Obwohl er als Sklave geboren wurde und unter widrigen Umständen, denen meine unglückliche Rasse unterworfen ist, arbeitete, wurde mein Vater für seinen Fleiß und seine Rechtschaffenheit respektiert, wie viele, die heute noch leben und ihn gut kannten, bezeugen können. Er verbrachte sein ganzes Leben mit der friedvollen Beschäftigung in der Landwirtschaft und musste niemals niedere Dienste verrichten, die sonst den Kindern Afrikas zugeteilt wurden. Außerdem ermöglichte er uns eine Bildung, die das übertraf, was Kindern in unserer Lage üblicherweise zuteil wurde, und er erwarb durch seinen Fleiß und seine Sparsamkeit eine ausreichende Besitzurkunde, die ihm das Wahlrecht gestattete. Er war es gewohnt, mit uns über sein früheres Leben zu sprechen, und obwohl er immer die wärmsten Empfindungen ob ihrer Güte und der Zuneigung für diese Familie hegte, in deren Haus er als Leibeigener arbeitete, verstand er dennoch das System der Sklaverei und war bekümmert über die Erniedrigung seiner Rasse. Er bemühte sich, uns Moralvorstellungen nahezubringen, und er lehrte uns Gott, der den Demütigsten genauso wie den Höchsten seiner Schöpfungen betrachtete, unser Vertrauen und unseren Glauben zu schenken. Wie oft habe ich mich seitdem an seine väterlichen Ratschläge erinnert, während ich in einer Sklavenhütte in den entfernten und widerlichen Gebieten Lousianas lag, mit schmerzenden Wunden, die mir ein unmenschlicher Herr unverdienterweise beigebracht hatte, und ich mich nur nach seiner Grabstätte sehnte, um auch mich vor der Peitsche des Unterdrückers zu schützen. Auf dem Friedhof in Sandy Hill markiert ein bescheidener Stein die Stelle, an der er ruht, nachdem ihn Gott nach der würdigen Erfüllung seiner Pflichten abberufen hatte.
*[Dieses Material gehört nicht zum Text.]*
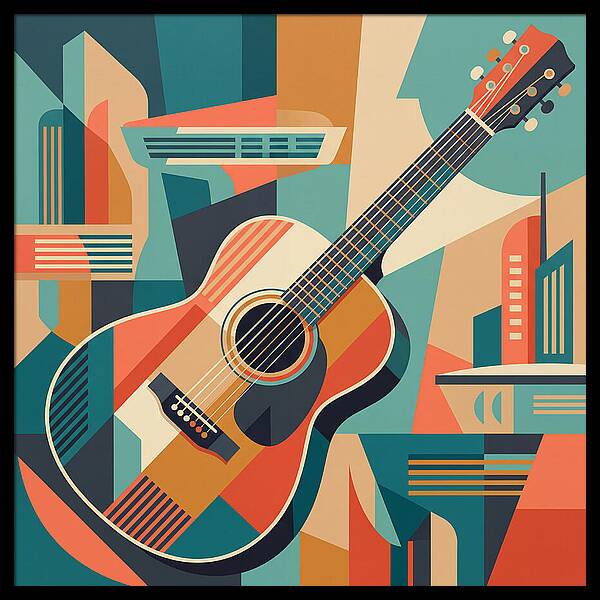 Acoustic Guitar In Abstract Harmony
Bis zu diesem Zeitraum hatte ich hauptsächlich mit meinem Vater die Arbeit auf der Farm erledigt. In den wenigen freien Stunden, die mir blieben, saß ich entweder über meinen Büchern oder spielte Violine, ein Vergnügen, dessen Leidenschaft meine Jugend beherrschte. Die Musik war auch die Quelle des Trostes und der Freude für die einfachen Menschen, die mein Los teilten, und sie führte meine eigenen Gedanken für viele Stunden weg von meinem quälenden Schicksal.
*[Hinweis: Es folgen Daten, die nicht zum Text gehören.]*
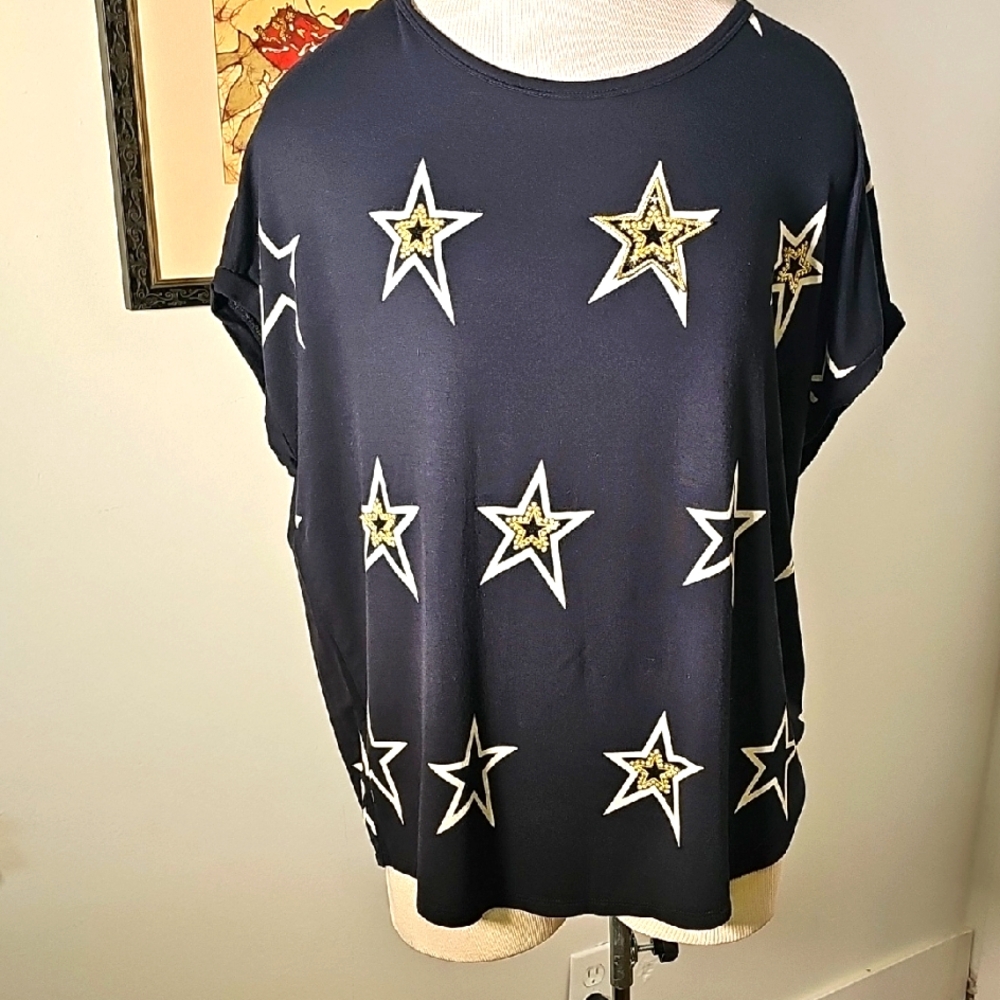 Buffalo David Bitton Star Embellished Top Womens Size L Navy Blue Beaded Jersey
Am Weihnachtstag 1829 heiratete ich Anne Hampton, ein farbiges Mädchen, das zu dieser Zeit in der Nähe unseres Anwesens lebte. Die Zeremonie wurde in Fort Edward von Anwalt Timothy Eddy abgehalten, einem Stadtvogt und auch heute noch bekannter Einwohner dieses Ortes. Sie hatte längere Zeit in Sandy Hill bei Mr. Baird, dem Inhaber der Eagle Tavern, und auch in der Familie von Reverend Alexander Proudfit aus Salem gelebt. Dieser Gentleman war viele Jahre im Vorsitz der dortigen Presbyterianischen Gesellschaft und weithin für sein Wissen und seine Frömmigkeit bekannt. Anne erinnert sich noch immer an die außerordentliche Güte und die exzellenten Ratschläge dieses guten Mannes. Sie selbst kann nichts Genaues über ihre Abstammung sagen, aber das Blut dreier Rassen hat sich in ihren Adern vermischt. Es ist schwer zu sagen, ob das rote, weiße oder schwarze dominiert. Allerdings hat ihr diese Mischung einen einzigartigen und ansprechenden Ausdruck verliehen, wie man ihn selten sieht. Obwohl sie einer Mulattin ähnlich sah, war sie dennoch keine, was ich beurteilen konnte, da meine Mutter eine solche Mulattin war.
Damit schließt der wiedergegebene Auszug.